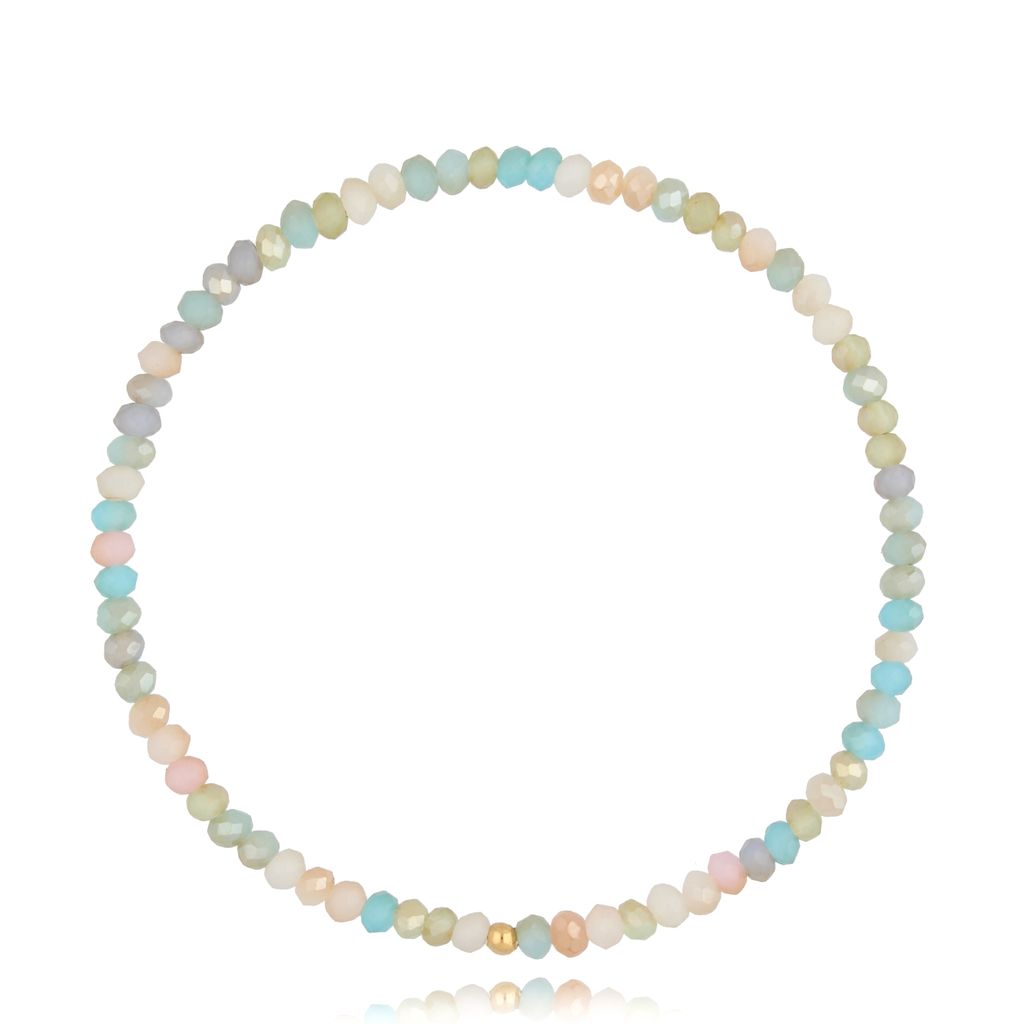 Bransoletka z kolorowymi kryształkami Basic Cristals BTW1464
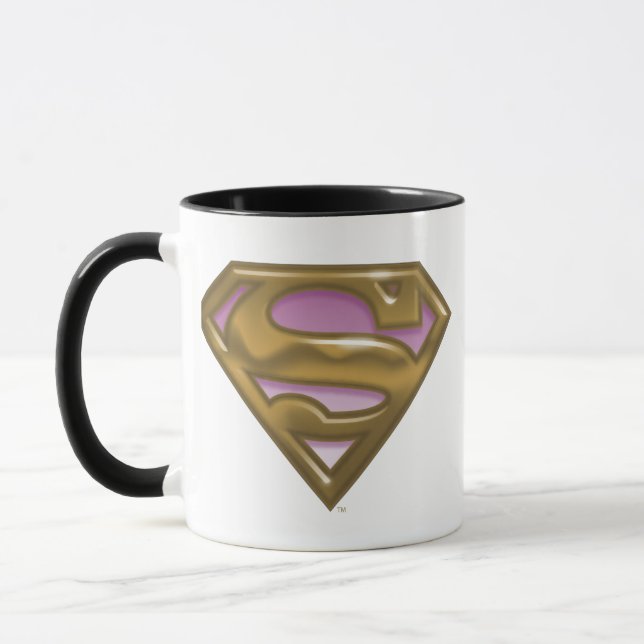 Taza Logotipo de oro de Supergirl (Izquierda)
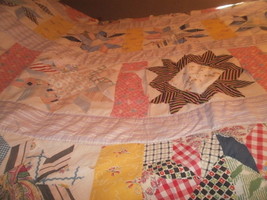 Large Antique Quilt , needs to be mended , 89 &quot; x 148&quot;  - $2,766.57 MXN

----

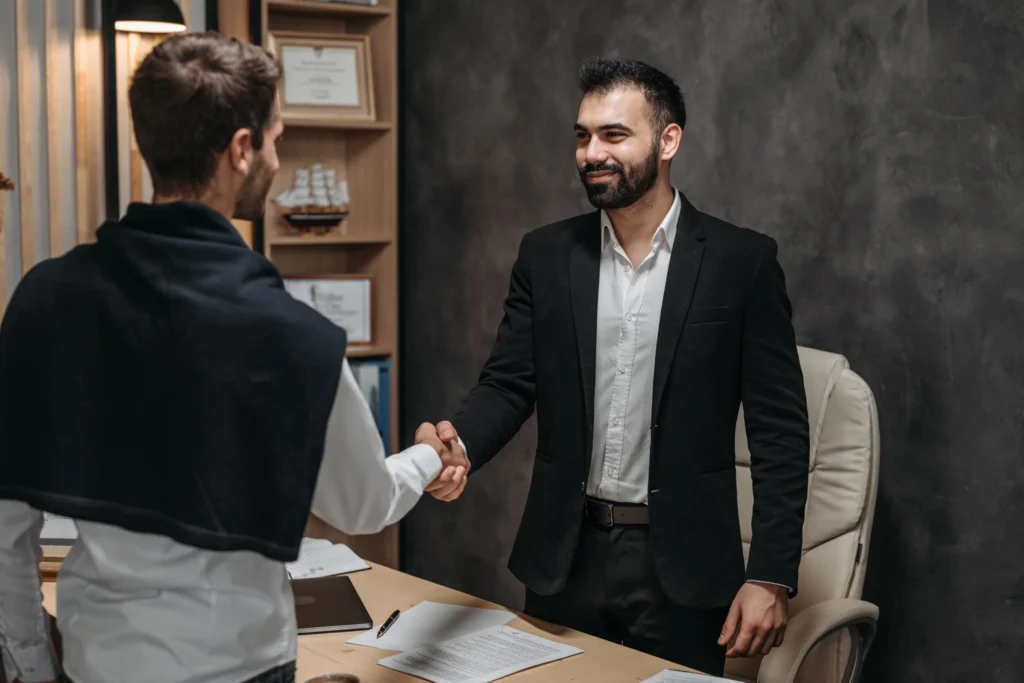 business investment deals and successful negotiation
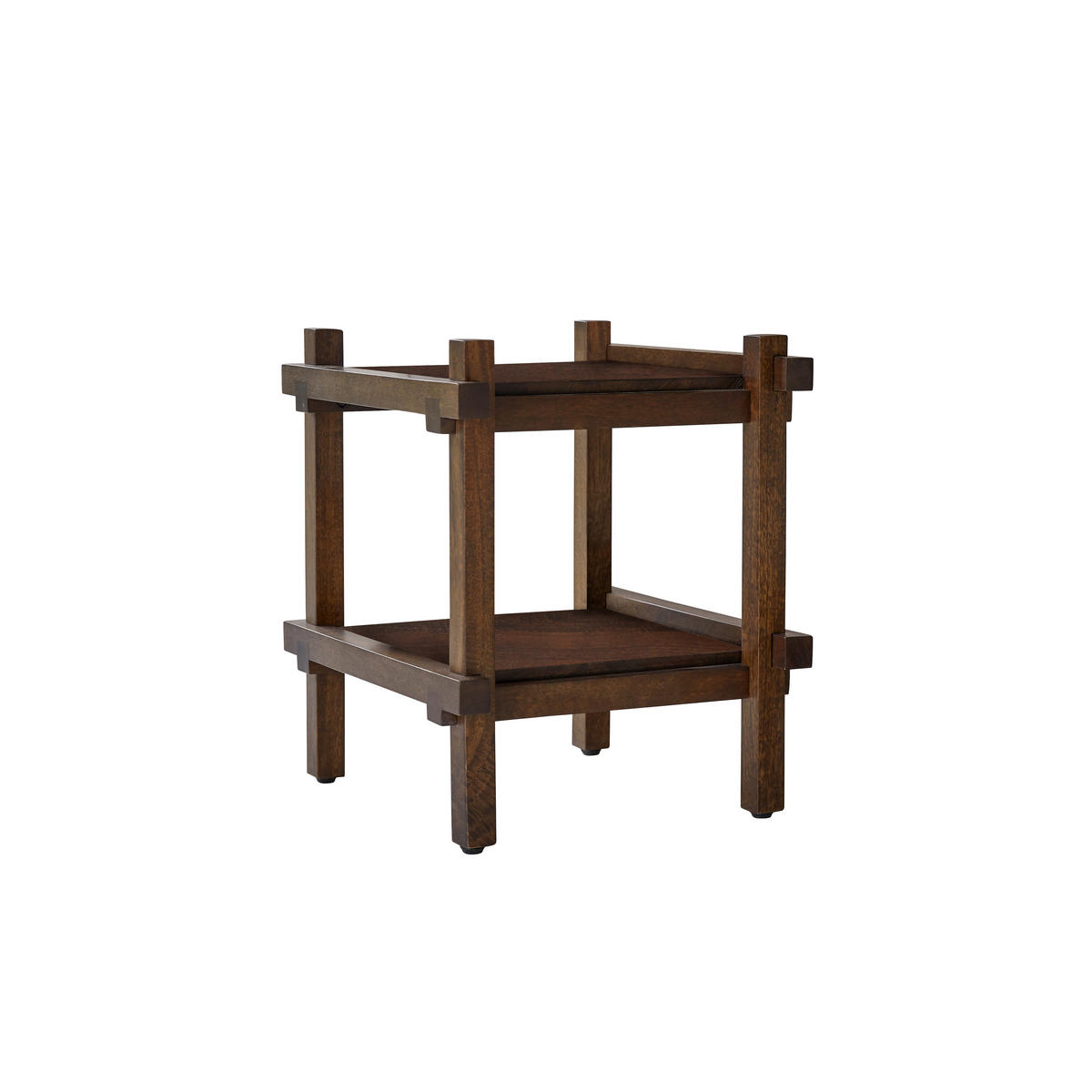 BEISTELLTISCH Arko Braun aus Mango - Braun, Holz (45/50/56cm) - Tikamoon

----

_PROBLEM REQUIREMENTS_.
Look above for the line containing "business investment deals", then copy exactly from it through the line containing "BEISTELLTISCH Arko Braun", keeping both and leaving out pictures. Add nothing else.

_EXERCISE RESULT_.
 business investment deals and successful negotiation
 BEISTELLTISCH Arko Braun aus Mango - Braun, Holz (45/50/56cm) - Tikamoon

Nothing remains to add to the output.